Sunday, May 4, 2008

Farm Life

Here in our family we live on a small 'farm', or what might more properly be termed a 'farmstead'. We do not own any large livestock or have the land to support large numbers of animals, but we do have a rather good-sized chicken flock that is kept for meat and eggs, a large herd of French Angora rabbits who provide meat and a small income from stock sales and wool, and a large, 1/2 acre vegetable/fruit/& herb garden. In addition to this we have a sizable orchard of apples, pears, plums, and peaches, and all in all we keep very busy cleaning, maintaining and breeding animals, weeding, harvesting, preserving, and planting. There may be pigs in our future someday around here too, but for now that is a ways away yet, and will only happen after we can build an enclosure to keep them safe from the bears:).

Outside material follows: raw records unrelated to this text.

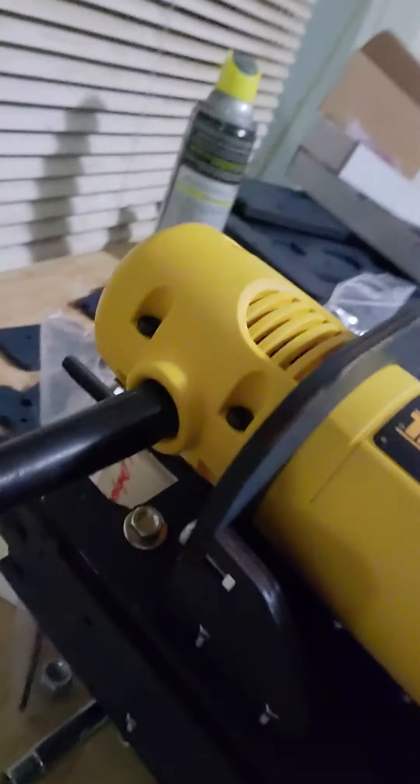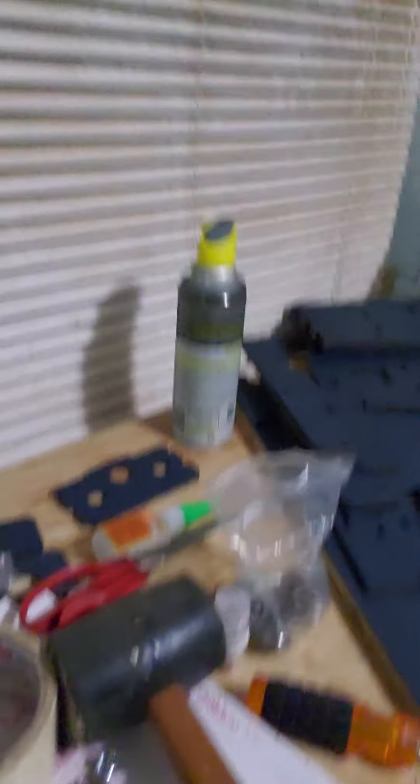I need to loosen them basically, but it's going to be kind of a problem because I put Gorilla Glue to connect them — that's what the manual online said to do. So that's what I did. Now that I need to change it, I'm not sure what we're going to do, but we'll figure it out.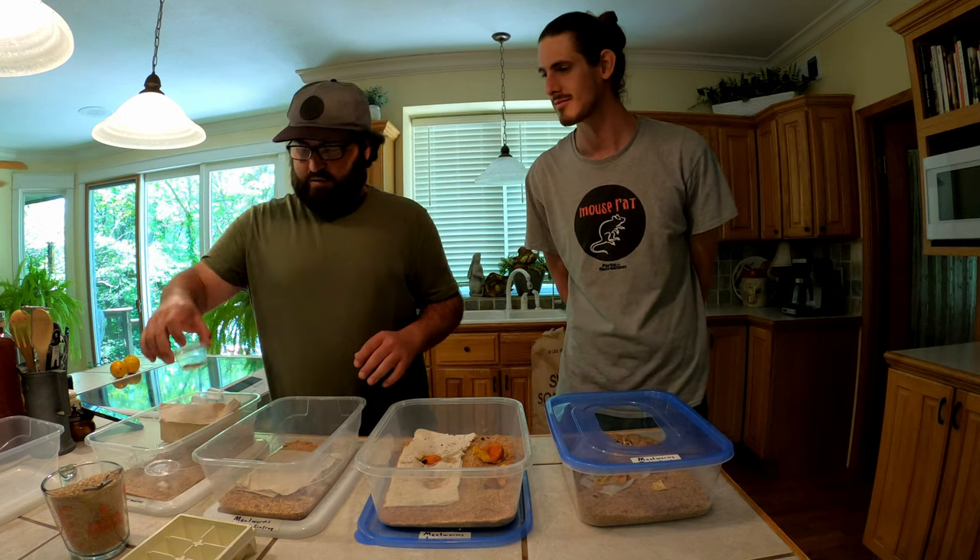We'll have future videos about more selective breeding - we're going to see how much bigger we can get these giant mealworms by pulling out the largest of each batch, forcing them to pupate, then hatching them out as beetles. My goal is to get mealworms as big as superworms without having to separate them to get them to pupate.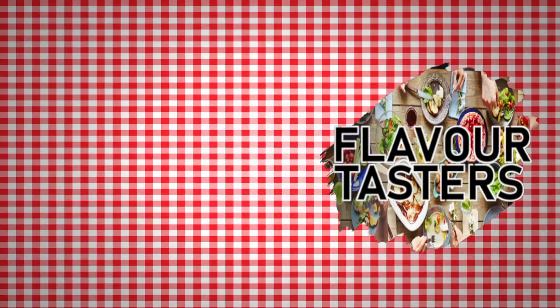Subscribe, hit the notification bell, select all notifications, like and share the content. Leave your views and opinions down in the comment section below. Check the links in the description. Join the Discord — jump over and promote your food review channel. Until the next one, I'll catch you in a bit — peace!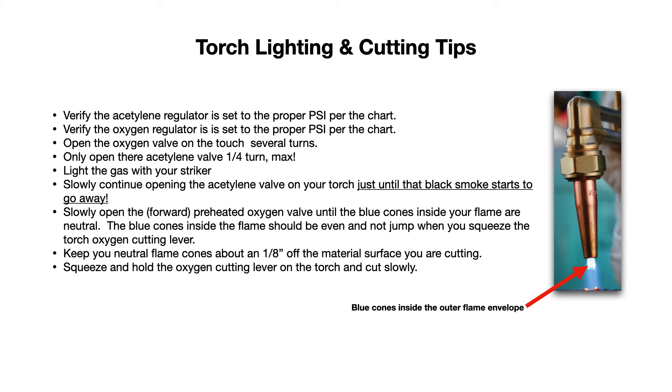As far as cutting, you can clamp a piece of angle iron onto the workpiece ahead of time and rest your torch head along it to get a nice, clean, straight cut if you're worried about being too wobbly with your torch. Keep your neutral flame cones about an eighth of an inch off the material surface, then squeeze and hold the oxygen cutting lever and cut slowly — don't rush this process. If you squeeze the lever and nothing happens, you haven't got it hot enough yet. You may need to preheat thicker material, like half-inch or three-quarter-inch steel plate — it doesn't need to be cherry red, just good and hot. That can help you get a better cut. Just take your time and go slow.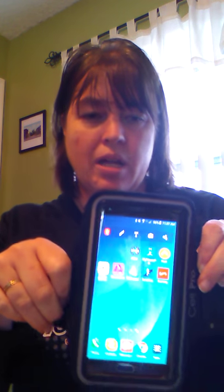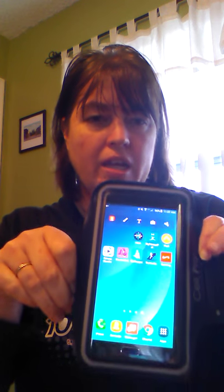They do make armbands for all different types of devices, but this one is for the iPhone 6 and 6S, and it also fits the Galaxy Note 4 and 5. And as you can see, it fits with an OtterBox. I'm really, really pleased.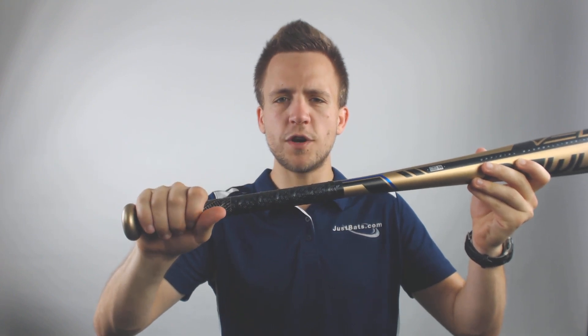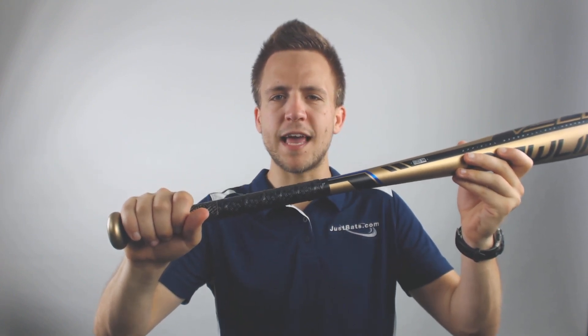What's going to help with that balance is going to be the newly designed grip tape. This grip tape is in place and suited for all types of hitters and hands, so you're going to have a very controllable and balanced model with this Rawlings Velo Bat.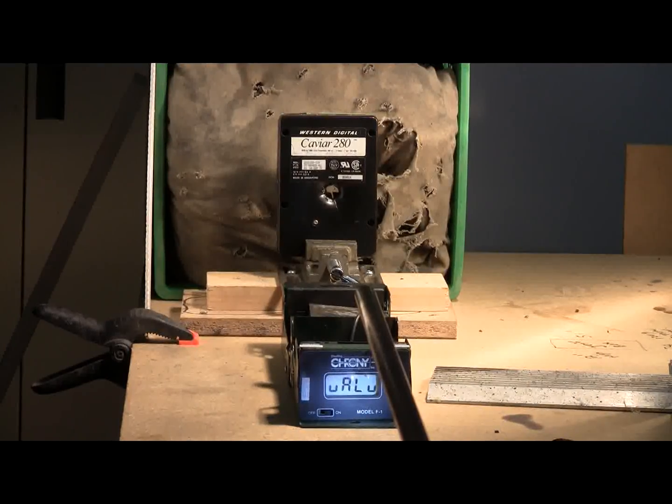While I'm charging up for another shot, I'm going to aim an inch, inch and a half higher because that's where the spindle motor for the platters is located. For the second shot, we'll fire at 350 psi.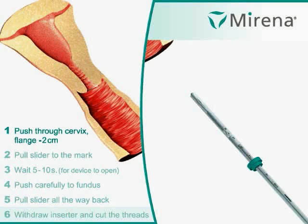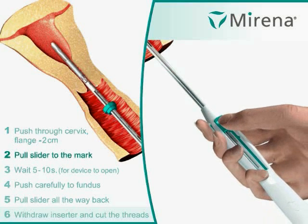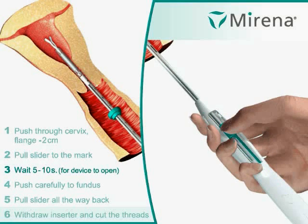Step 1: Push through the cervix, flange minus 2 cm. Step 2: Pull the slider to the mark. Step 3: Wait 5 to 10 seconds for the device to open.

Farm animals (and gardens) are not only a great way to save money and control the quality of your family's food, but they are also of infinite value in teaching children the cycle of life and, most important of all, the principle of cause and effect.



Cause and effect means precisely what it sounds like, which is to say that the cause of something on one end invariably produces an effect (or consequence) on the other. From the very youngest age children have a perfect understanding of this principle. They know from infancy that when they cry, someone will feed them and attend to their needs. When they become older and decide to snatch their siblings' toys away, there are definitive consequences for that too:). The beauty of life on a farm is that the rule of cause and effect is an absolute, ever present force. It pervades every facet of the working family's existence, and without this symbiotic relationship that exists between animals and their owners, neither can produce or survive.



One of the reasons kids love farms so much is because they are so delightfully easy to understand. An animal is provided with food, water, and shelter, and it return it provides us with meat, eggs, milk, or fiber to spin. Seeds are planted in the ground, they are watered, weeded, and protected, and after a few suspenseful weeks there is food on the table to show for your efforts. Farming is a lifestyle that is so concrete and perfectly balanced, that children gravitate to it naturally as an extension of their own experience with the world.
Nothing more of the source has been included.